[Exercise aim]
Line by line, copy out the entries exactly and leave the pictures behind.

[Materials provided]

[Start of Attachment]

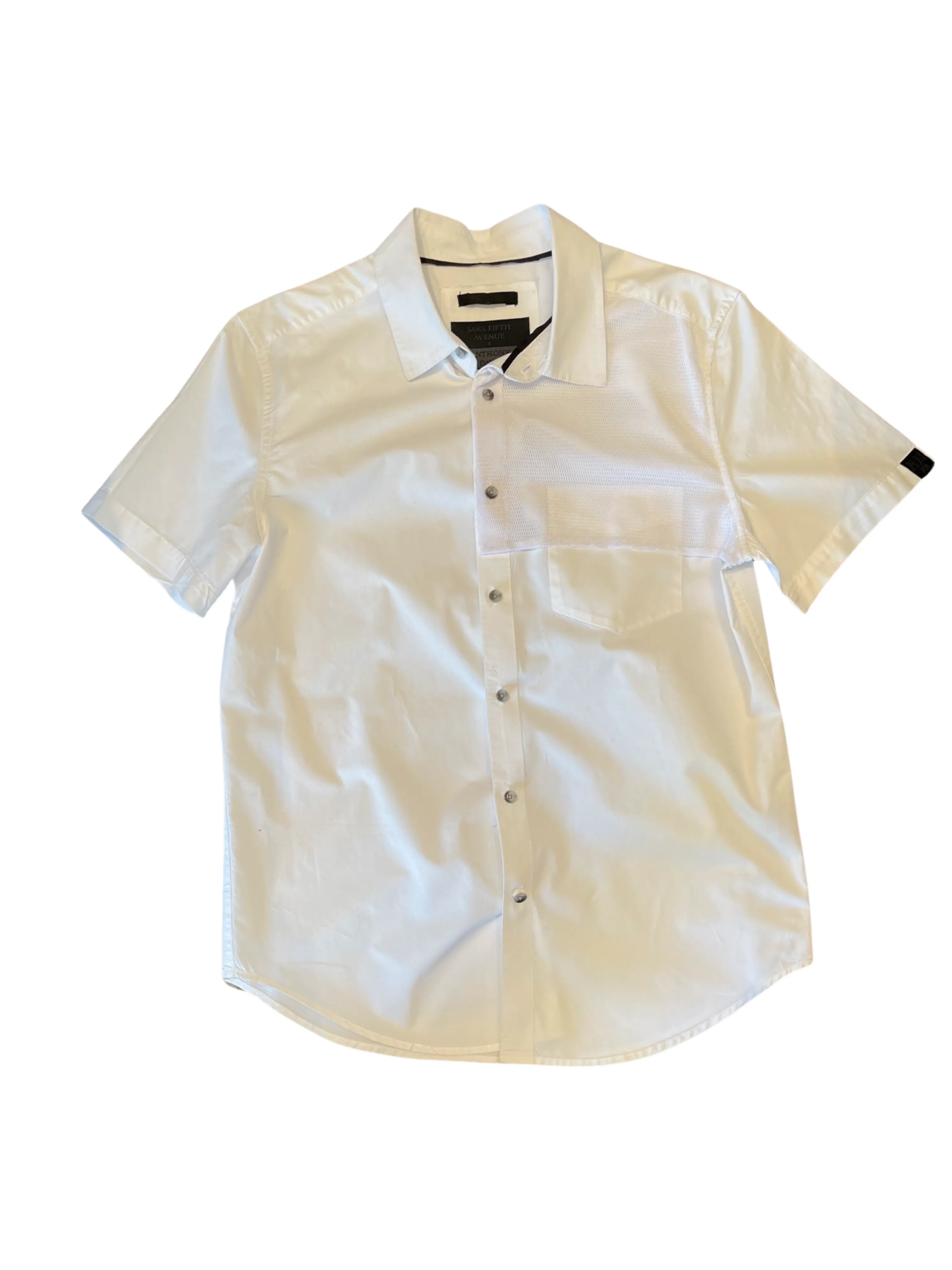 Saks Fifth Ave. Anthony Davis White Sport Shirt Medium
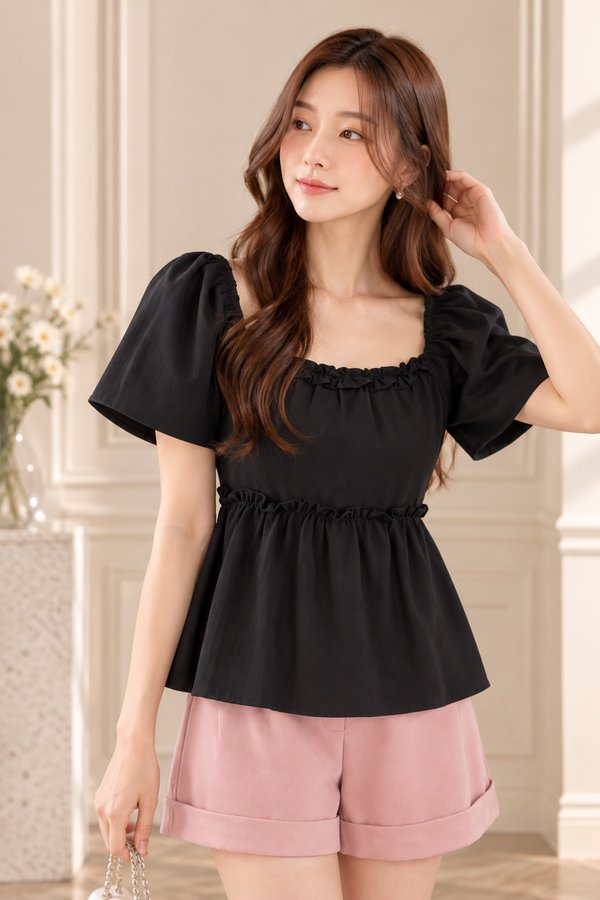 Anaya Ruffles Babydoll Top In Black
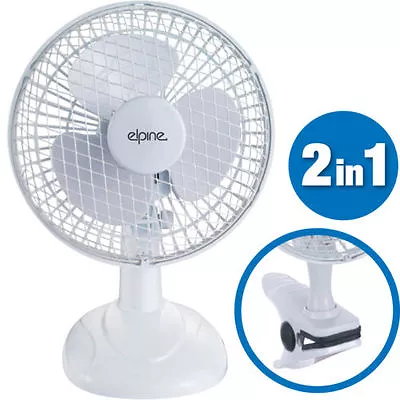 2 In 1 6  Inch Clip On Fan Portable Desk Table 2 Speed Tilt Office Home Cool Air • £6.90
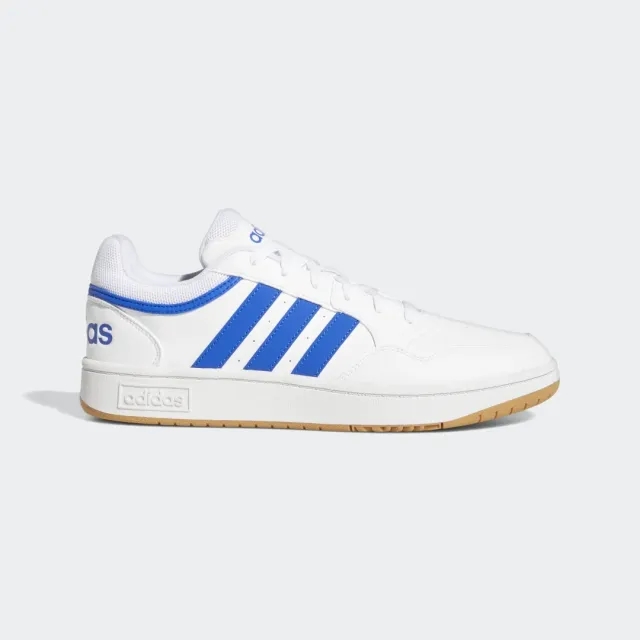 adidas hoops 3.0 trainers in white & blue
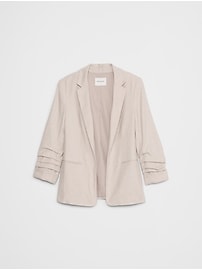 Linen-Blend Herringbone Hayden Blazer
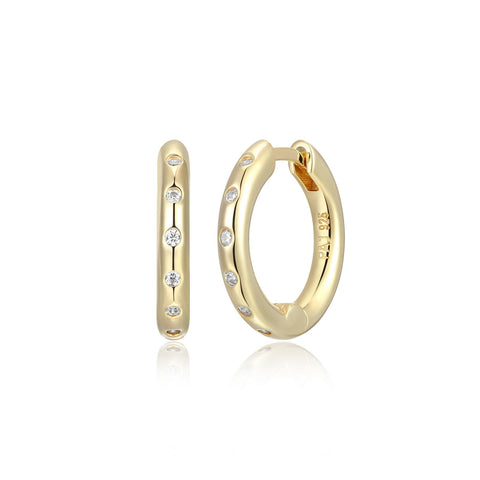 REIGN STERLING SILVER GOLD PLATE CUBIC ZIRCONIA HOOPS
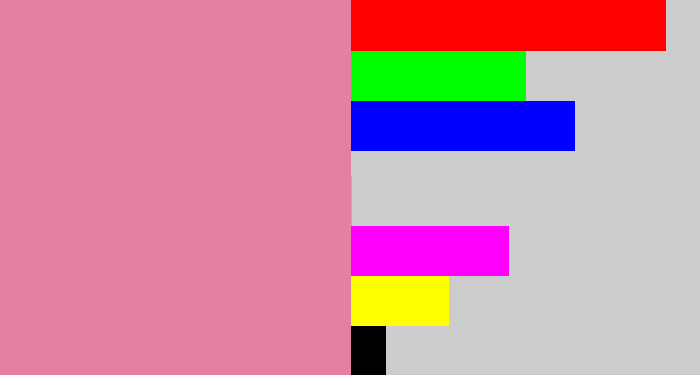 Hex color #e57fa4 - pig pink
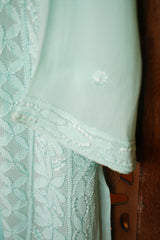 Chikankari Firozi Resham Jaal Kurti with Chikankari White Pant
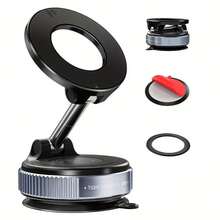 N52 Super Strong Magnetic Car Phone Holder, 360° Rotation, Vacuum Suction Cup Compatible With IPhone 12-16 Series, Car/Gym/Driving Phone Holder - Black - View 2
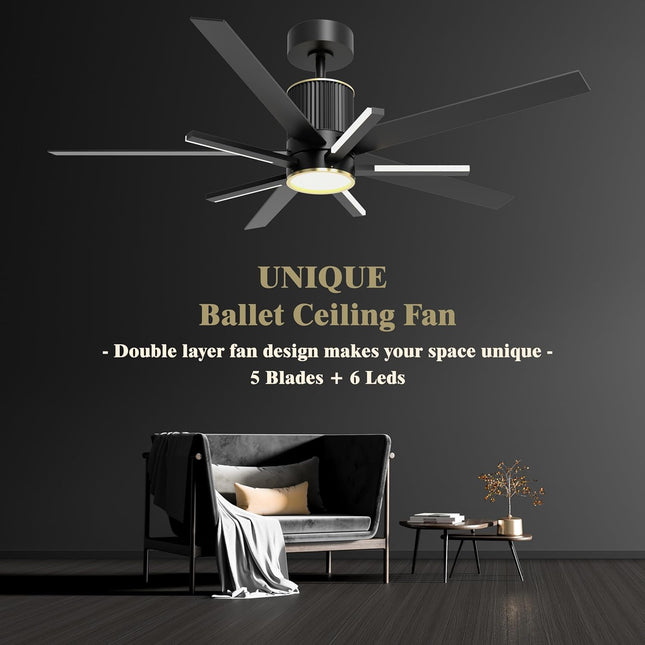 Black Ceiling Fan With Light And Remote，Black And Gold Ceiling Fans With Lights，56 Inch Modern Ceiling Fan With Light For Living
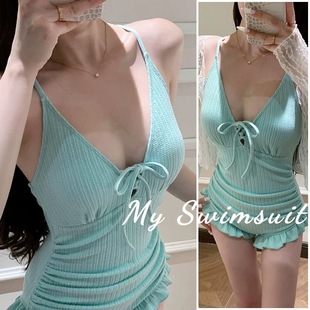 泳衣女連體兩件套韓版 ins風森系小胸聚攏氣質海邊沙灘度假游泳裝
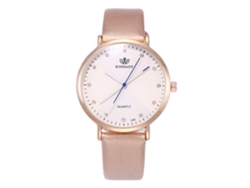 Elegante Reloj De Pulsera Analógico De Cuarzo Para Parejas Con Esfera Redonda Dorada.
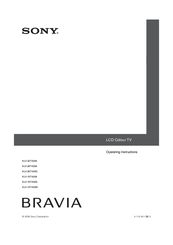 Sony Bravia KLV-26TV00G Operating Instructions Manual
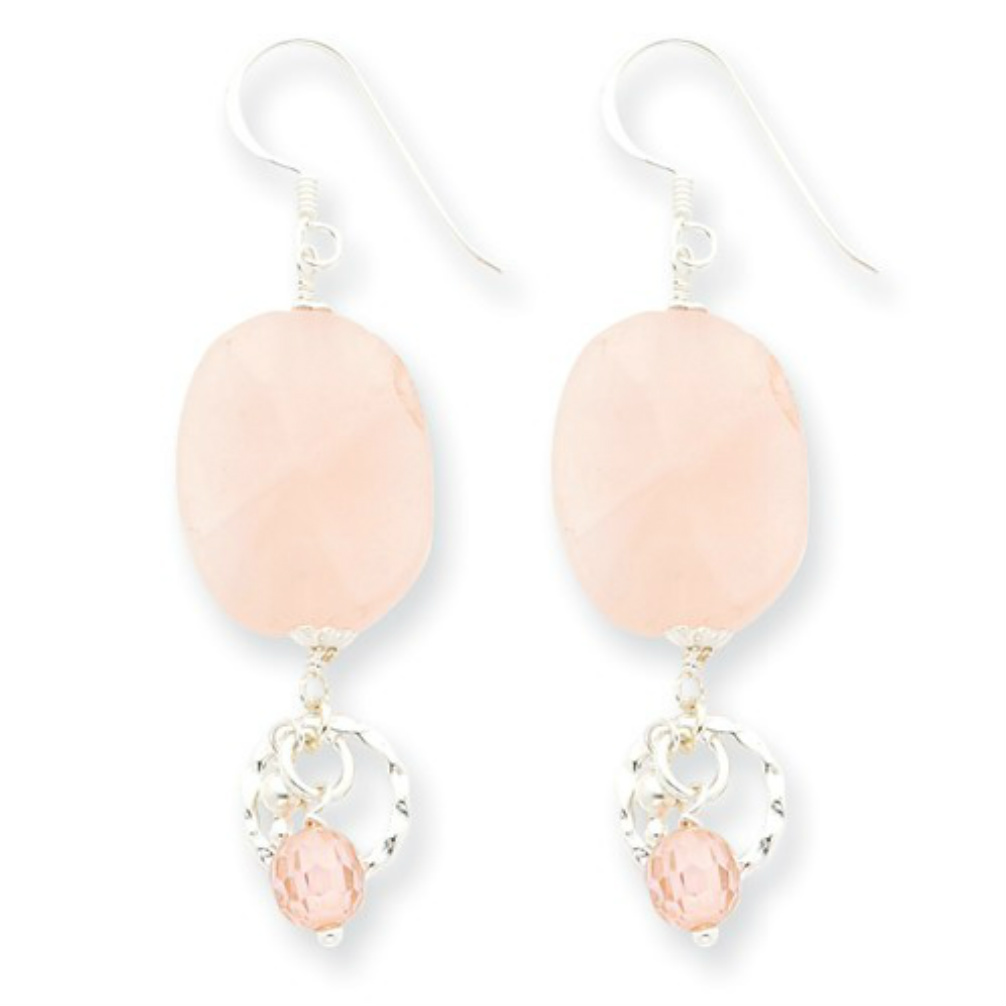 Sterling Silver Rose Crystal & Rose Quartz Earrings.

[End of Attachment]

[Result]
 Saks Fifth Ave. Anthony Davis White Sport Shirt Medium
 Anaya Ruffles Babydoll Top In Black
 2 In 1 6  Inch Clip On Fan Portable Desk Table 2 Speed Tilt Office Home Cool Air • £6.90
 adidas hoops 3.0 trainers in white & blue
 Linen-Blend Herringbone Hayden Blazer
 REIGN STERLING SILVER GOLD PLATE CUBIC ZIRCONIA HOOPS
 Hex color #e57fa4 - pig pink
 Chikankari Firozi Resham Jaal Kurti with Chikankari White Pant
 N52 Super Strong Magnetic Car Phone Holder, 360° Rotation, Vacuum Suction Cup Compatible With IPhone 12-16 Series, Car/Gym/Driving Phone Holder - Black - View 2
 Black Ceiling Fan With Light And Remote，Black And Gold Ceiling Fans With Lights，56 Inch Modern Ceiling Fan With Light For Living
 泳衣女連體兩件套韓版 ins風森系小胸聚攏氣質海邊沙灘度假游泳裝
 Elegante Reloj De Pulsera Analógico De Cuarzo Para Parejas Con Esfera Redonda Dorada.
 Sony Bravia KLV-26TV00G Operating Instructions Manual
 Sterling Silver Rose Crystal & Rose Quartz Earrings.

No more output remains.